To jest całkowicie normalne.

----------

## wodzik

moja myszka tez tak ma, ze caly czas swieci, i jakos sie tym nie przejmuje ;)

----------

## canis_lupus

Na 80% płyt głównych świecenie  yszi można wyłączyć. Trzeba znaleźć na płycie zworkę opisaną USB_VSB lub USB_VB lub coś w tym guście.

----------

## wodzik

przynajmniej wiem w nocy w ktora strone jest komp. a tak propo wylaczonego kompa i peryferiow, kiedy widzialem opis, jak na niektorych plytach glownych zrobic myk, zeby kompa odpalac przez wpisanie ciagu znakow na klawce. calkiem klawa sprawa, tym bardziej ze wtedy przycisk power nie reagowal na naciskanie ;]

----------

## Spaulding

 *canis_lupus wrote:*   

> Na 80% płyt głównych świecenie  yszi można wyłączyć. Trzeba znaleźć na płycie zworkę opisaną USB_VSB lub USB_VB lub coś w tym guście.

 

a mozesz powiedziec cos wiecej? zainteresowalo mnie to....

----------

## canis_lupus

Owsze, wyłącza się po prostu zasilanie USB podczas gdy komputer jest wyłączony.
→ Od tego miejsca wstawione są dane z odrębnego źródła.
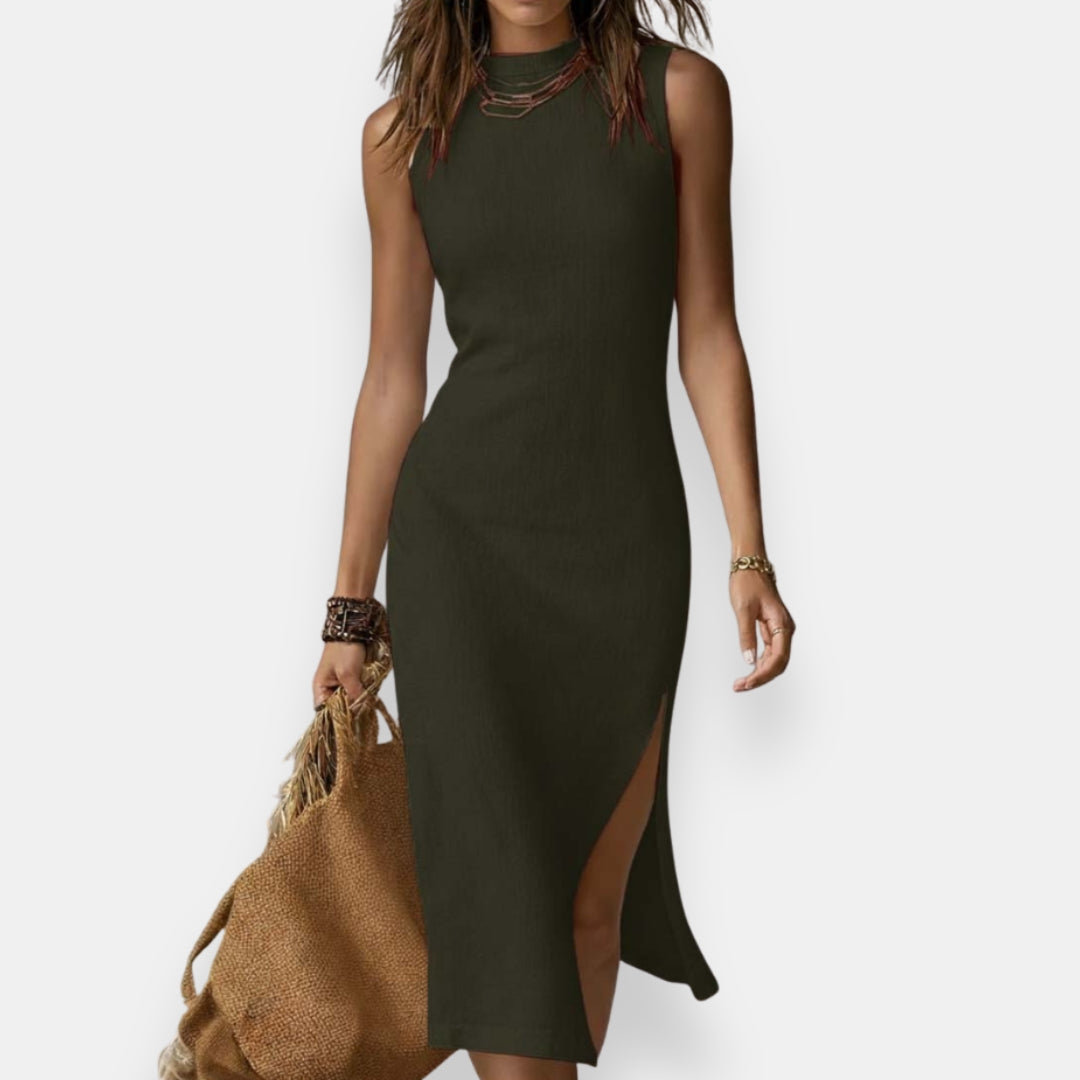 Aremberge | Robe midi ajustée fente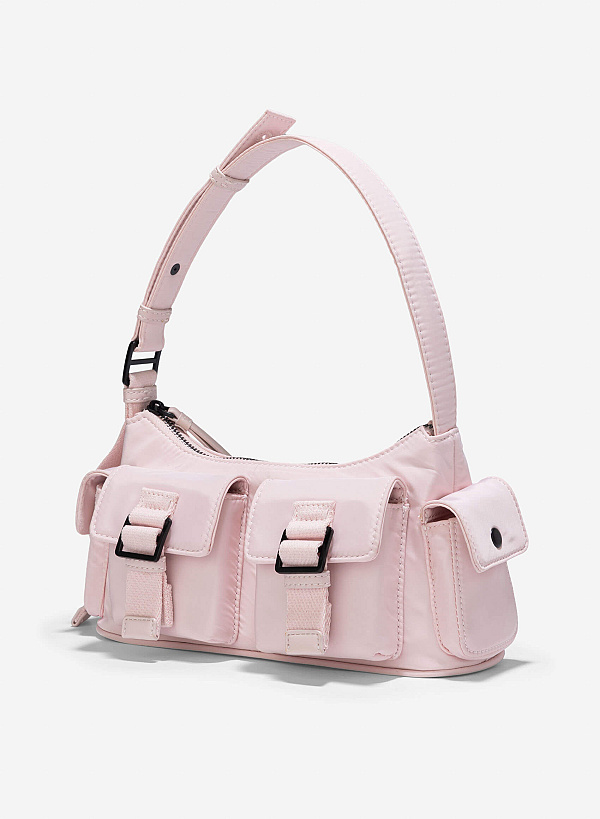 Multi-Compartment Parachute Fabric Mini Pocket Bag - MES 0256 - Light Pink - VASCARA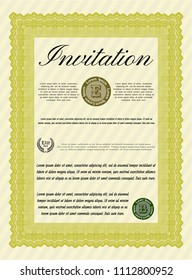  Yellow Formal invitation template. Vector illustration. With great quality guilloche pattern. Money Pattern design. 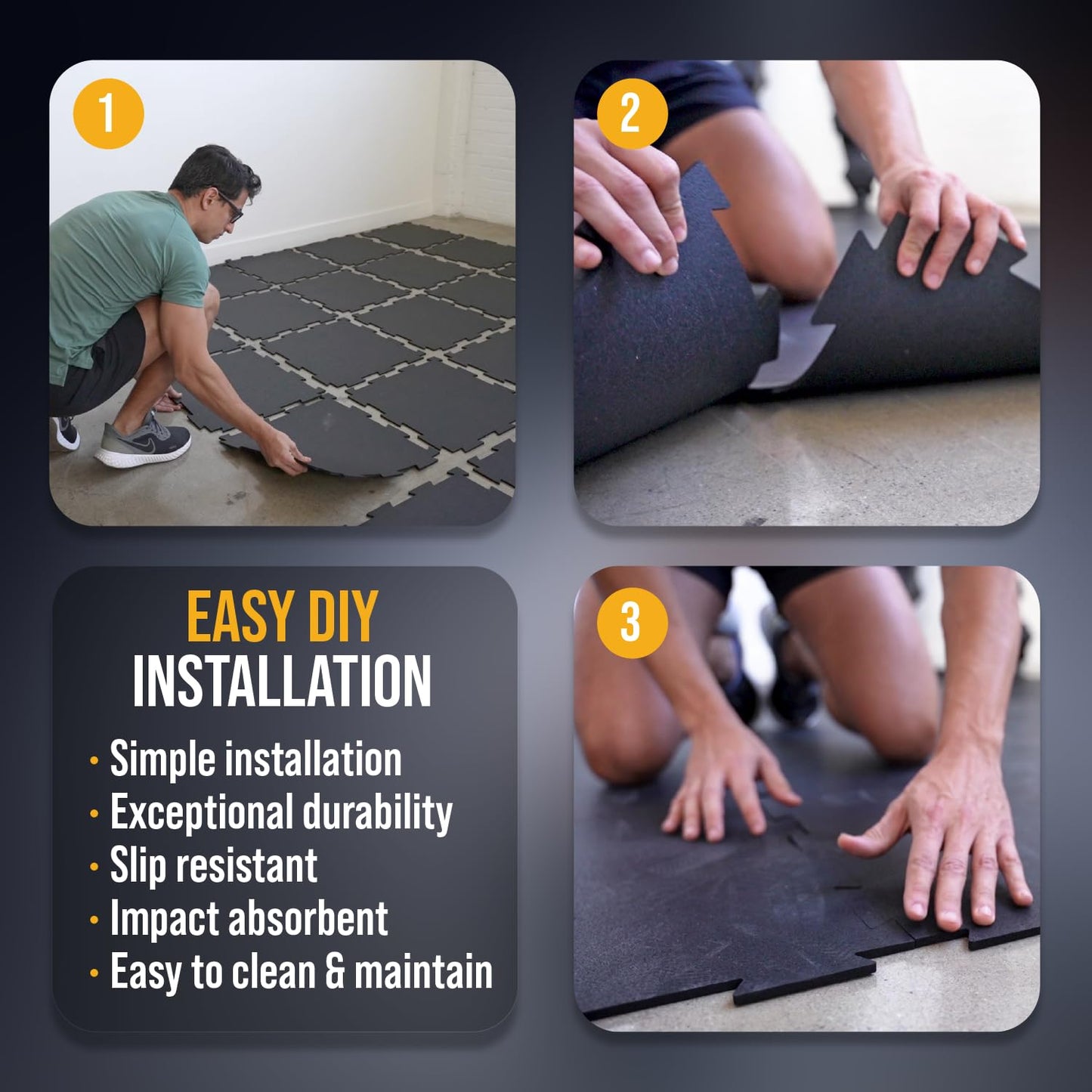 Rubber King 10 Piece Interlocking Tiles 19" x 19" x 6mm - 100% Recycled Rubber Gym Floor Tiles, Exercise Mat for Home Gym, Anti-Slip Low-Odor Interlocking Puzzle Floor Tiles - 23.5sq ft - Blue/Grey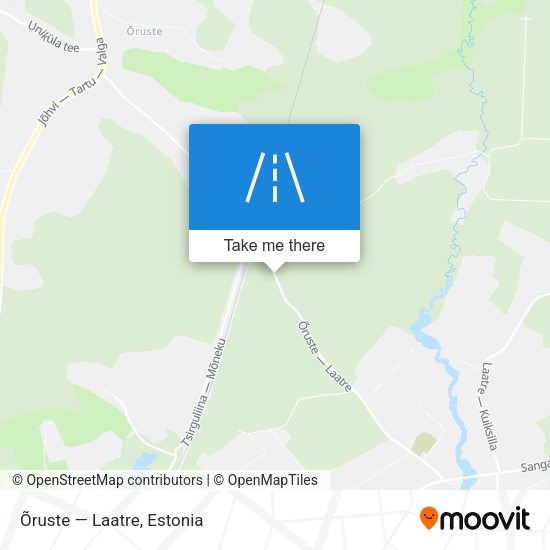 Õruste — Laatre map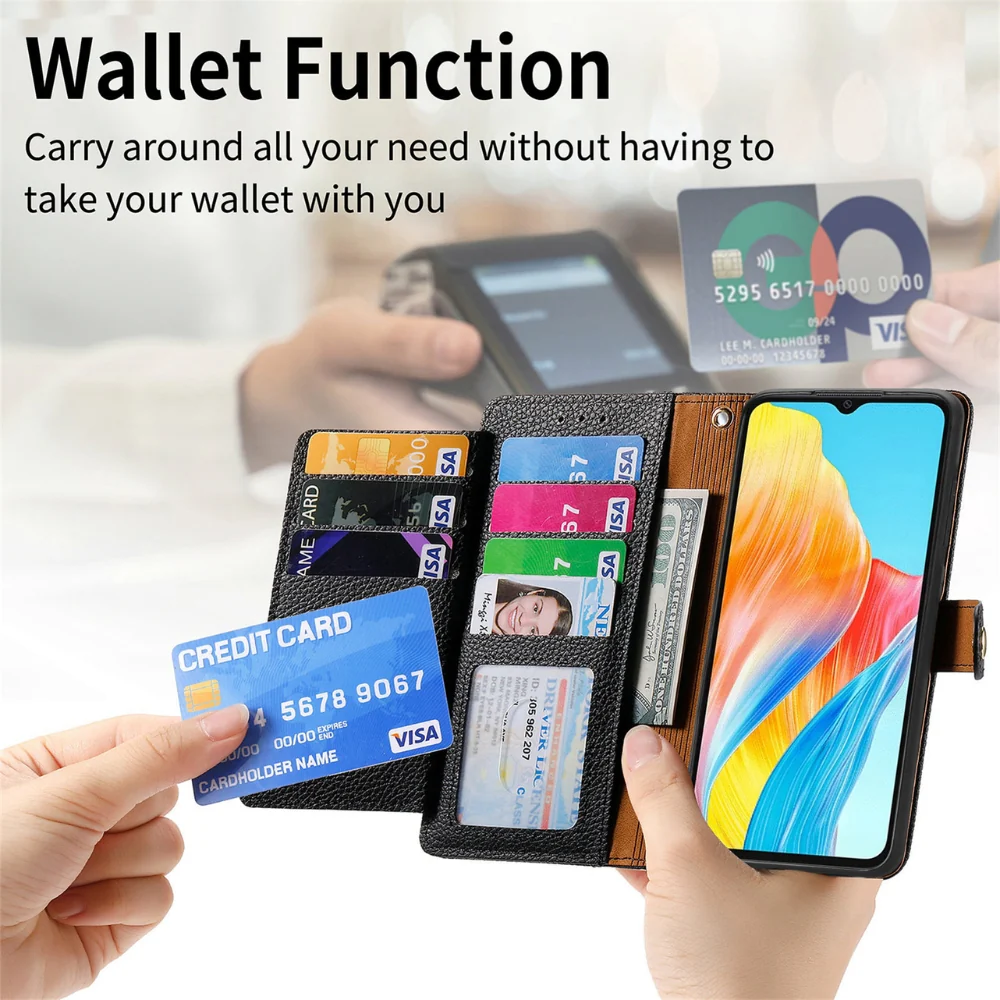 [With Card Slot] OPPO Reno12/Pro - PU leather Crossbody Wallet Style Shockproof Phone Case - Image 9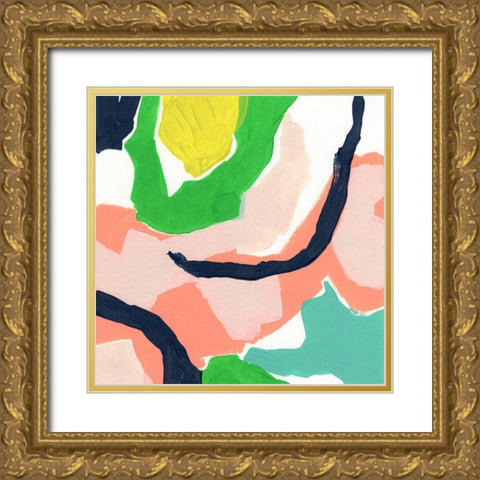 Color Current VI Gold Ornate Wood Framed Art Print with Double Matting by Vess, June Erica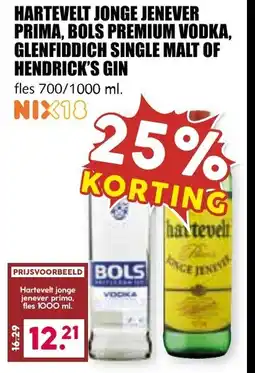 De Boerenschuur Hartevelt jonge jenever prima, bols premium vodka, glenfiddich single malt of hendrick's gin fles 700/1000 ml. aanbieding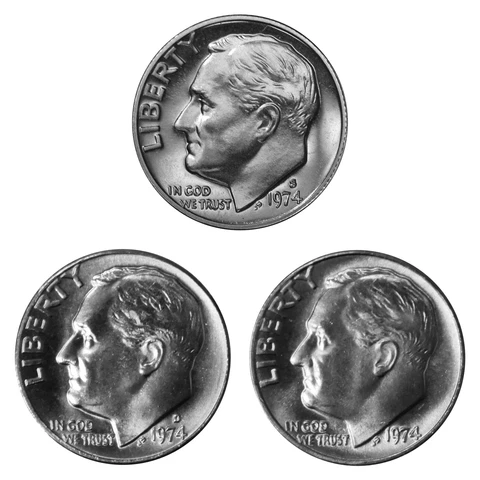 1974 P D S Roosevelt Dime 10c Year set Proof & BU US 3 Coin lot Cover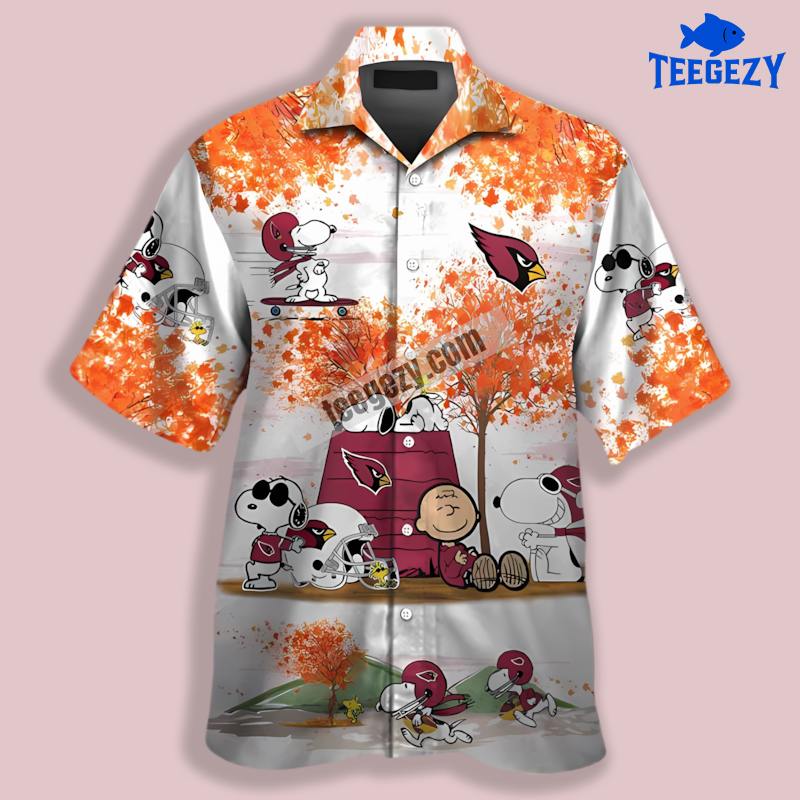 Arizona Cardinals Autumn Snoopy Yellow White Hawaiian Shirt Outfit Arizona Cardinals Autumn Snoopy Yellow White Hawaiian Shirt Outfit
Proste?

----------

## kneczaj

Dzięki za odpowiedzi, a już myślałem że z moją płytą coś nie tak  :Very Happy:  Niestety w biosie nie mam opcji Wake-on-lan, ale poszukam jakiejś zworki, tak jak wspomniana zworka od zasilania usb, może coś znajdę  :Wink: 

----------

## canis_lupus

Zasilania sieciówki nie wyłączysz.

----------

## Poe

zawsze mozna na noc wyciągać sieciówkę ze slotu.

(:

----------

## wodzik

...zniszczyc diode, albo kupic sieciowke bez diody ;]

----------

## BeteNoire

 *kneczaj wrote:*   

> Dzięki za odpowiedzi, a już myślałem że z moją płytą coś nie tak  Niestety w biosie nie mam opcji Wake-on-lan,

 

To nie musi się nazywać Wake On Lan.

Może być PME Event Wake up (u mnie tak jest) albo Wake on PCI.

----------

## sir KAT

echo "ethtool -s eth0 wol d" >> /etc/conf.d/local.stop

----------

## lazy_bum

Przełącz przycisk na zasilaczu z 1 na 0. (-;

----------

## kneczaj

 *Quote:*   

> Może być PME Event Wake up (u mnie tak jest) albo Wake on PCI.

 

Taką opcję mam ale jest ona ustawiona na Disabled.

W ogóle wszystkie "Wake on cośtam" są wyłączone.

----------